Greek Accounts In Swiss Bank Entangles Government
By SETimes
By Andy Dabilis
Already battling international lenders and facing rising social unrest over plans to impose 13.5 billion euros in spending cuts and tax hikes, Greek Prime Minister Antonis Samaras has become caught in a political firestorm over a stolen computer disk that included the names of 1,991 Greeks with 1.5 billion euros in deposits in a Swiss bank.
Files on the disk identified 24,000 people who were depositors at HSBC’s Geneva branch. While the Greek government has not done so, other nations are using the information to hunt tax evaders.
Former Greek finance minister George Papaconstantinou reportedly obtained the disk in 2010 from his French colleague, Christine Lagarde, who is now head of the International Monetary Fund. Along with the EU and ECB, the IMF is part of the Troika bailing out Greece with 230 billion euros in rescue loans.
When it was recently reported that the disk was missing, Papaconstantinou’s successor, Evangelos Venizelos, claimed he had copies of the files on a memory stick, which he said he handed over to the prime minister’s office. Venizelos came under fire for not trying to find out if there were tax cheats involved at a time when he was doubling income and property taxes and taxing the poor.
Before Venizelos stepped forward, current Finance Minister Yannis Stournaras vowed to find the data, and the saga had critics complaining about yet another misstep by Greek authorities.

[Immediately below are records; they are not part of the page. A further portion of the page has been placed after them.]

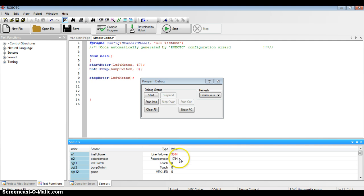The next one down is a potentiometer. I also have that connected, and as I turn the potentiometer, I see the values go up. Both the line follower and the potentiometer can range in value from 0 to 4,095.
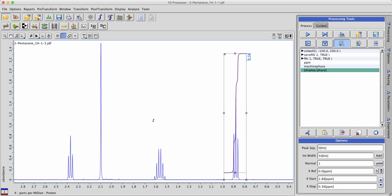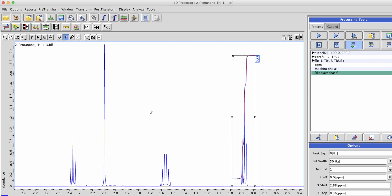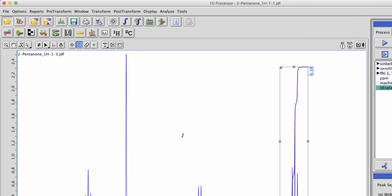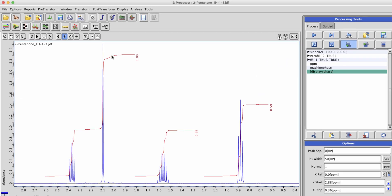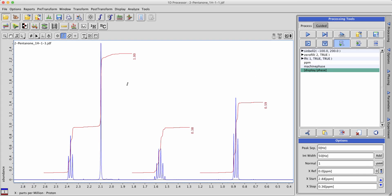Once you go through and make as many integral regions as you would like in this method, or if you have a lot of peaks and would like to mass integrate the entire spectrum, click the auto integrate button. A series of integrals will be drawn due to a few factors that we'll cover in a later tutorial.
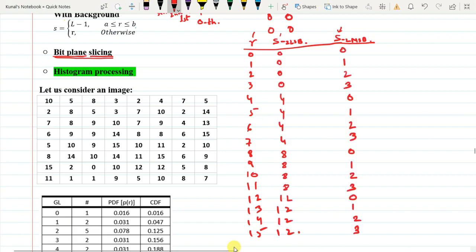After suppression of the two LSB planes, the R values are converted to the corresponding S values. And here we have the S values when the two MSB bit planes have been sliced or suppressed. Slicing and suppression are the same thing and are used interchangeably — bit plane suppression and bit plane slicing both refer to the same operation.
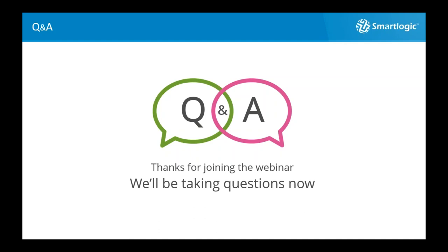With that, we've come to the end of the scheduled portion of this webinar. Thank you very much for attending. We will make the recording available with the slides after the webinar, so look for an email providing that. Thank you very much for your time, and we hope you found this webinar helpful.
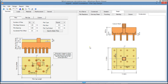ASDIP Foundation includes really useful modules and features to help you with your daily design tasks. If you are interested in the software, please download the free 15-day trial by visiting the website www.asdipsoft.com. Please subscribe to the channel if you want to receive notifications in the future for similar videos. Thank you for your attention.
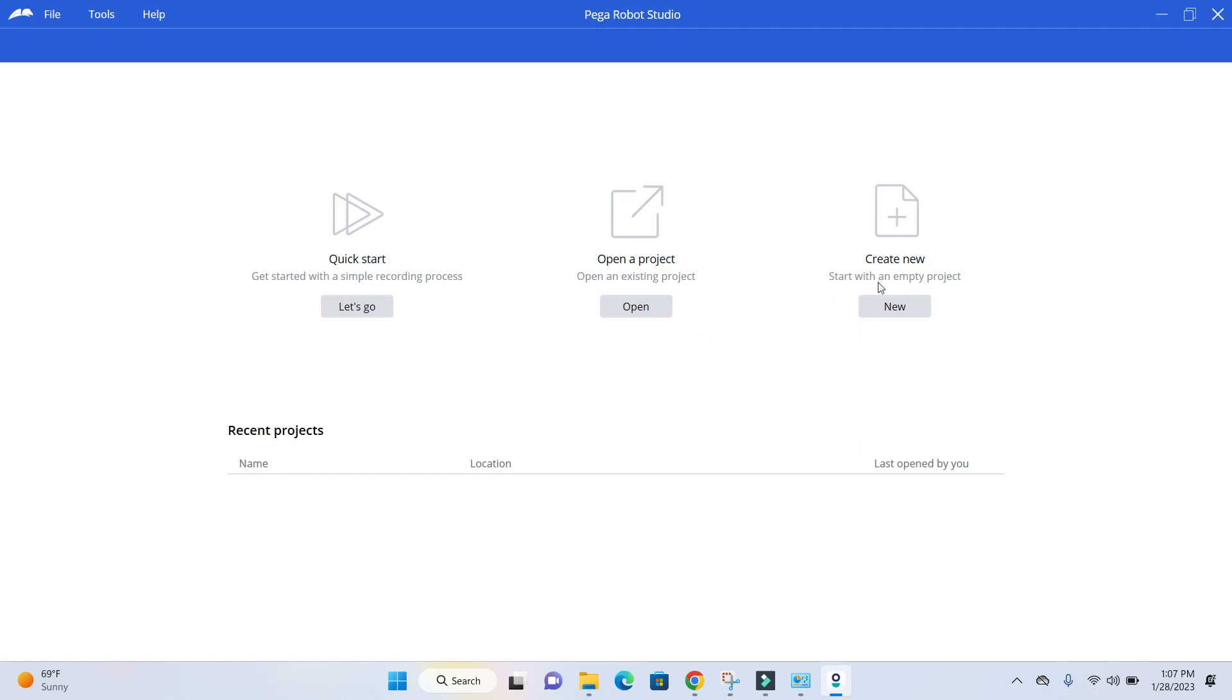you can click on New. This is the initial architecture or tool design that Pega has developed for their own IDE in Pega Robotic Studio.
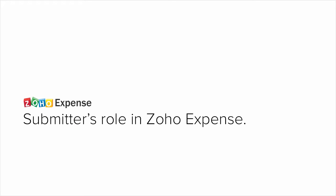Hello everyone! In this video, we will discuss the functionalities of a Submitter in Zoho Expense.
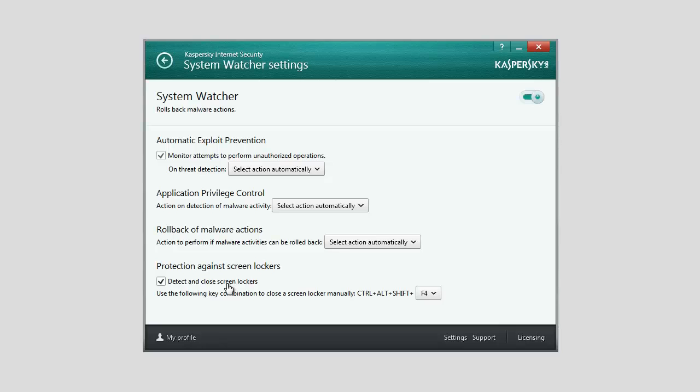Below, you can select a combination of keys which, when pressed, enables protection against screen lockers to detect and delete ransomware.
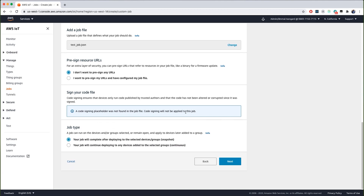The last option on this page is to choose the job type. The first option is to use a one-time snapshot job that comes to completion once devices have reported back or timed out. The second option is to deploy continuously. Continuous jobs are useful in instances such as when you've created an initial firmware, deployed it to devices at manufacturing time, and those devices need to be updated as they come online in the field. In this video, we'll stick with a snapshot job or a one-time job.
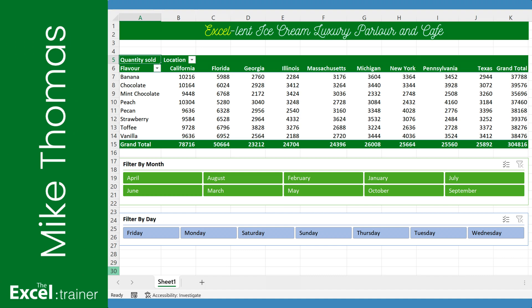Hi everyone, Mike from the Excel Trainer here. In this video I'm going to show you how to fix something that drives me and many others crazy. What am I talking about?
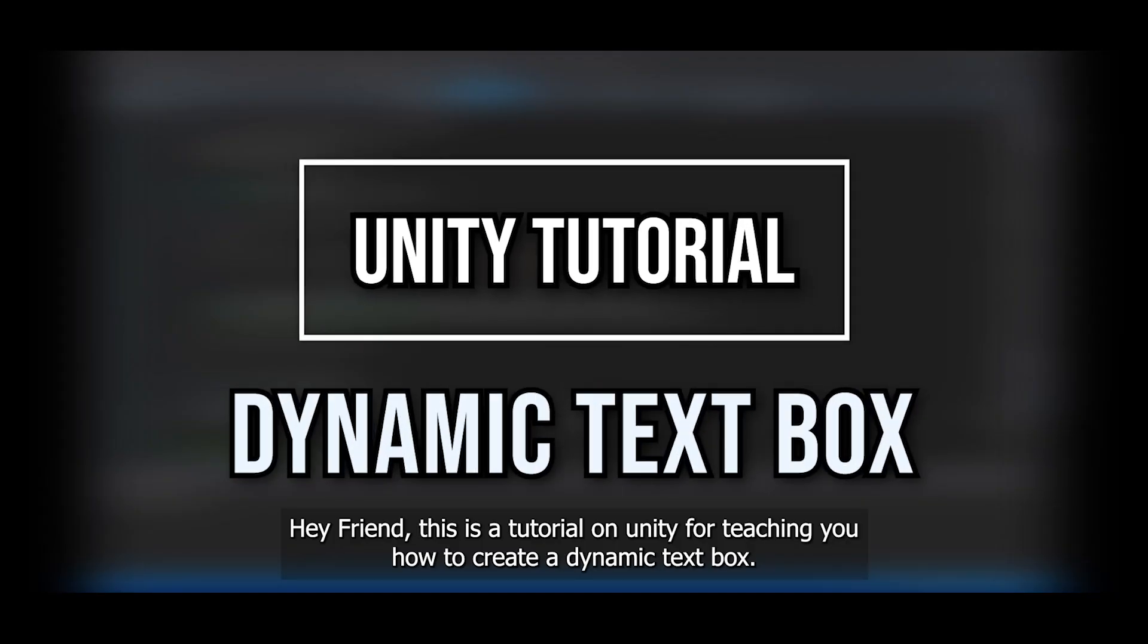Hey friend, this is a tutorial on Unity for teaching you how to create a dynamic text box.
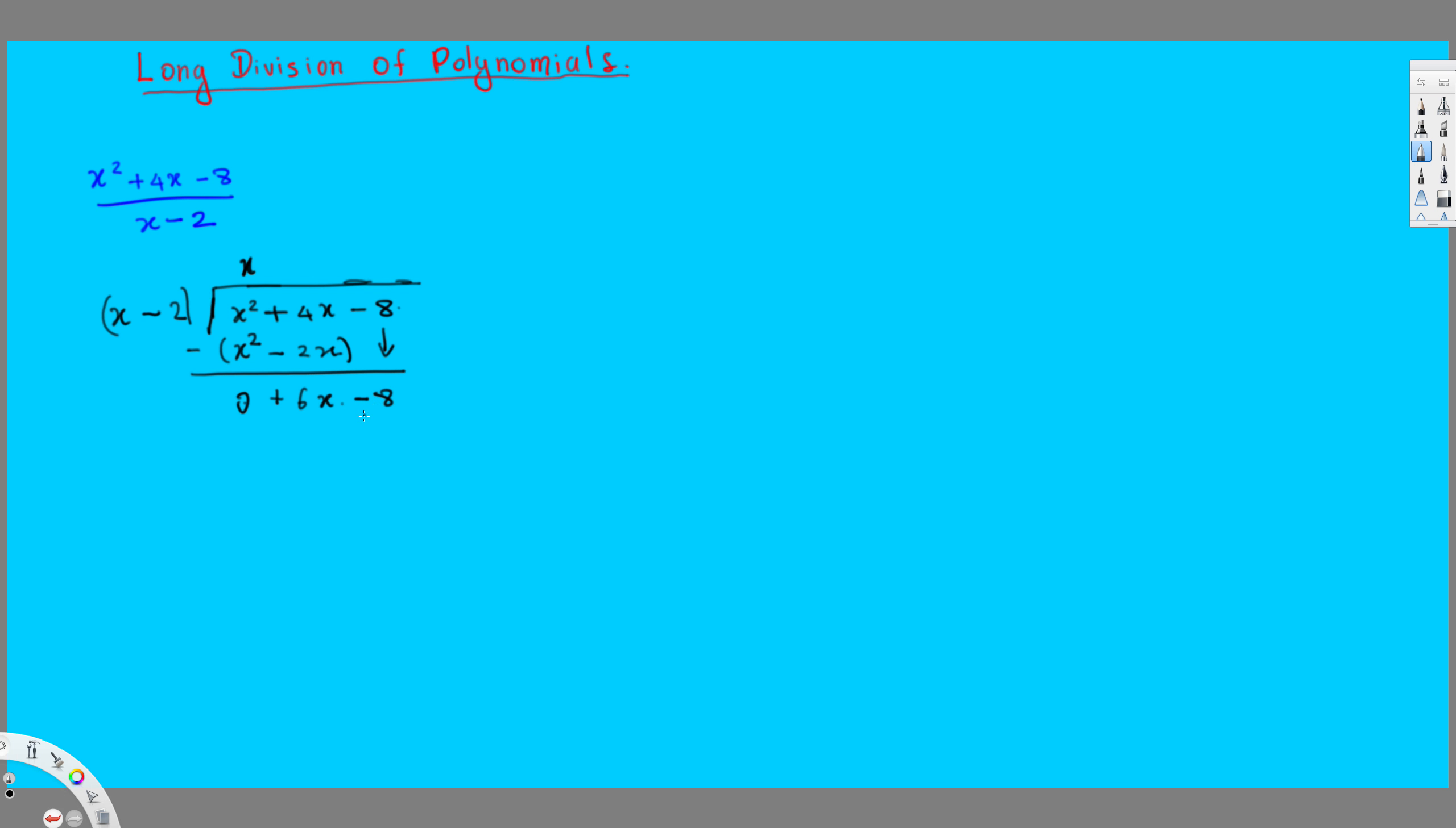Then we do the same approach, like x times what gives the 6x? Plus like 6, plus 6 gives us 6x, so we put the plus 6. And that's going to, then we multiply again back again.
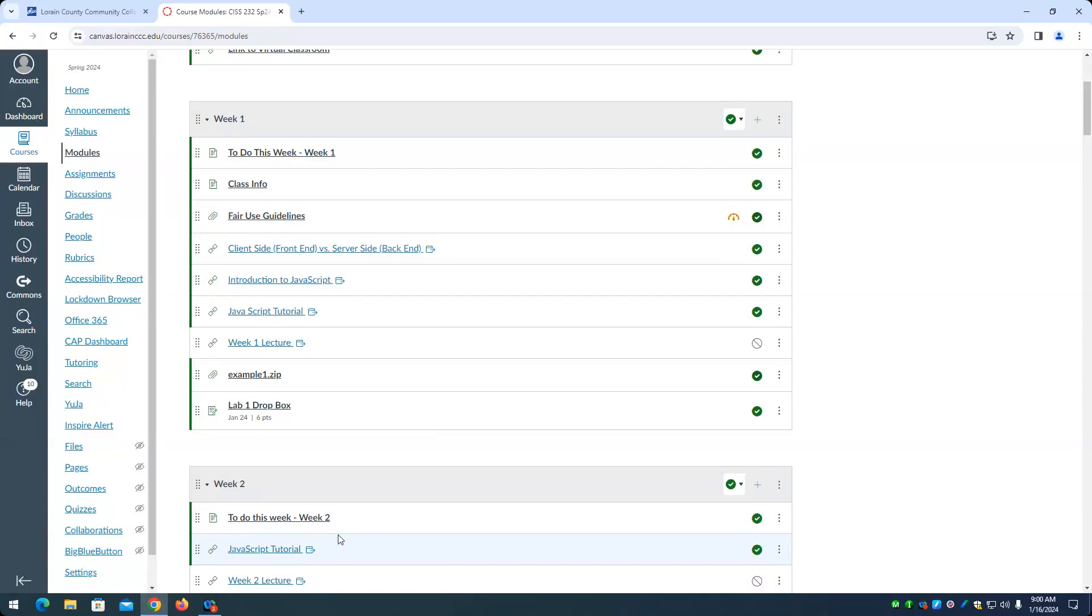Welcome to CISS 232, Scripting in the Client Server Environment. I'm going to go over some of the things that are in Canvas. The rest are up to you to read on your own time. I do want to clear the nature of this class because it's not always clear.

Venizelos said he couldn’t use stolen data to prompt an investigation, but Lagarde said other European countries have done so.
Marios Evriveavis, a professor of international relations at Panteion University in Athens, said the revelation won’t surprise Greeks.
“People know very well that a lot of politicians have been enriching themselves through corruption and know who most of them are,” Evriveavis told SETimes. “They [the government] don’t need a list of people with deposits in countries like Switzerland,” he said, adding that it wouldn’t be difficult to get information from Greek banks where deposits originated.
The timing of the discovery is sensitive because Samaras’ uneasy coalition is aiming more austerity measures primarily at workers, pensioners and the poor while tax evaders who owe more than 50 million euros have largely gone unpunished, fueling a sense of injustice.
Dimitris Sotiropoulos, an assistant professor at the University of Athens and research associate at the Hellenic Foundation for European and Foreign Policy, said the mishandling of the so-called Lagarde List may be more costly to the government than the names, which reportedly include more business executives than politicians.
“There was negligence … that allowed politicians to hide it … and there are accusations they may have tampered with the list,” Sotiropoulos told SETimes. “The names are being kept secret, adding to the furor.”
While all eyes are on Samaras’ attempt to get the troika to release a pending 31.1 billion euros worth of rescue loans, the distraction over the lists has led to speculation the government itself could be undermined.
An Oct. 12 poll showed that 72 percent of Greeks, weary of austerity, no longer support the bailouts and attached conditions despite Samaras’ warning that the economy will collapse without them. Some 79 percent doubt that his uneasy coalition government, formed after the June 17 elections, will last its four-year term.
Thanassi Antoniou, 83, a retired tailor whose pension has been cut three times, said he has given up on politicians and the country’s rich.
“They are not patriots. They are traitors for putting their money in Switzerland,” Antoniou told SETimes. “I don’t consider them to be Greeks. They look out only for their own interests.”